Il dessina habilement les contours du "cynisme de la nouvelle révolution capitaliste-le première véritable révolution de droite". Une telle révolution impliquait, selon lui "d'un point de vue anthropologique – en termes de fondation d'une nouvelle 'culture' – des hommes sans lien avec le passé, vivant dans 'l'impondérabilité'. Si bien que la seule attente existentielle possible est le consumérisme et la satisfaction d'envies hédonistes". C'est la mordante "société du spectacle" de Guy Debord des années 1960 étendue au sombre horizon du "rêve est fini" des années 1970.
À l'époque, c'était là du matériel radioactif. Pasolini ne faisait pas de prisonniers : si la consumérisme avait sorti l'Italie de la pauvreté "pour la gratifier avec un bien-être" et une certaine culture non-populaire, ce résultat humiliant avait été obtenu "en singeant la petite bourgeoisie, la stupide école obligatoire et la télévision criminelle". Pasolini avait coutume de tourner en dérision la bourgeoisie italienne comme "la plus ignorante d'Europe" (en cela, il se trompait : pour ça, la bourgeoise espagnole décroche la timbale).
Puis émergea un nouveau mode de production culturelle – construit sur le "génocide des cultures précédentes" – ainsi qu'une nouvelle espèce bourgeoise.

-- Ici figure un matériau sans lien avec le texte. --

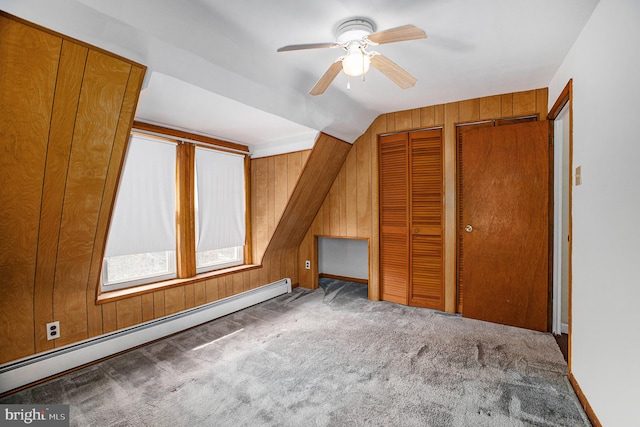 bonus room featuring ceiling fan, dark colored carpet, wooden walls, and a baseboard heating unit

Si Pasolini avait survécu, il aurait pu voir celle-ci dans sa splendeur, sous la forme d'Homo Berlusconis.
La Grande Beauté n'est plus
Le
cœur consumériste des ténèbres - "l'horreur, l'horreur" – déjà
prophétisé et détaillé par Pasolini au milieu des années 1970 vient
d'être dépeint avec tout son bling-bling sordide par le cinéaste
napolitain Paolo Sorrentino, né quand Pasolini, pour ne pas parler de Fellini, était déjà au sommet de son art. La Grande Bellezza
("La Grande Beauté") – qui vient juste de remporter les Globes d'Or
comme meilleur film étranger (aux USA) et devrait aussi remporter un
Oscar– aurait été inconcevable sans La Dolce Vita de Fellini (dont il est une coda inavouée) et la critique pasolinienne de la "nouvelle Italie".Pasolini et Fellini étaient d'ailleurs issus de la même tradition intellectuelle d'Émilie-Romagne (Pasolini de Bologne, Fellini de Rimini, tout comme Bertolucci de Parme. Au début des années 1960, Fellini disait en blaguant à son ami et encore apprenti Pasolini qu'il n'était pas équipé pour al critique. Fellini était toujours pure émotion, alors que Pasolini - comme Bertolucci -, c'était de l'émotion modulée par l'intellect.

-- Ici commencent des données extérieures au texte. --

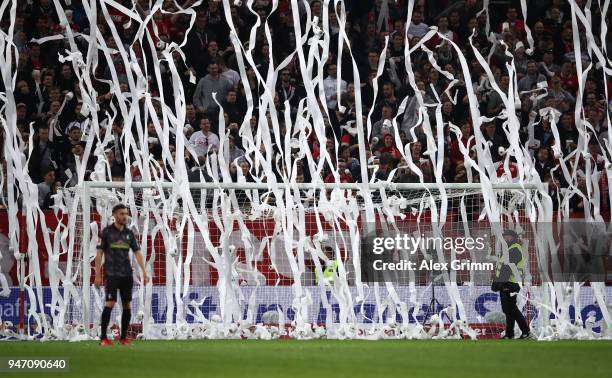 Stewards remove rolls of toilet paper thrown by fans during the Bundesliga match between 1. FSV Mainz 05 and Sport-Club Freiburg at Opel Arena on...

Le film étonnant de Sorrentino – une équipée sauvage dans les méandres de l'Italie berlusconienne – est une Dolce Vita qui aurait tourné à l'aigre. Comment ne pas éprouver de l'empathie pour un Marcello (Mastroianni) âgé de 65 ans (et joué par l'époustouflant Toni Servillo), souffrant de la crampe de l'écrivain tout en surfant sur sa réputation de roi de la nuit romaine. Comme le grand Ezra Pound – qui aimait profondément l'Italie – l'avait aussi prophétisé, une production sinistre de camelote nous a conduits à la débilité berlusconienne, où – selon un personnage – tout le monde "a oublié la culture et l'art" et l'ancien sommet de civilisation qu'était l'Italie a fini par ne plus être connue que pour "la mode et la pizza".
C'était exactement ce que nous disait Pasolini il y a presque quatre décennies – avant qu'une manifestation étrange et effrayante de cette abjection ne le réduise au silence. Sa mort, en fin de compte, a prouvé - avant la lettre – son théorème : il a malheureusement toujours eu raison. À en mourir.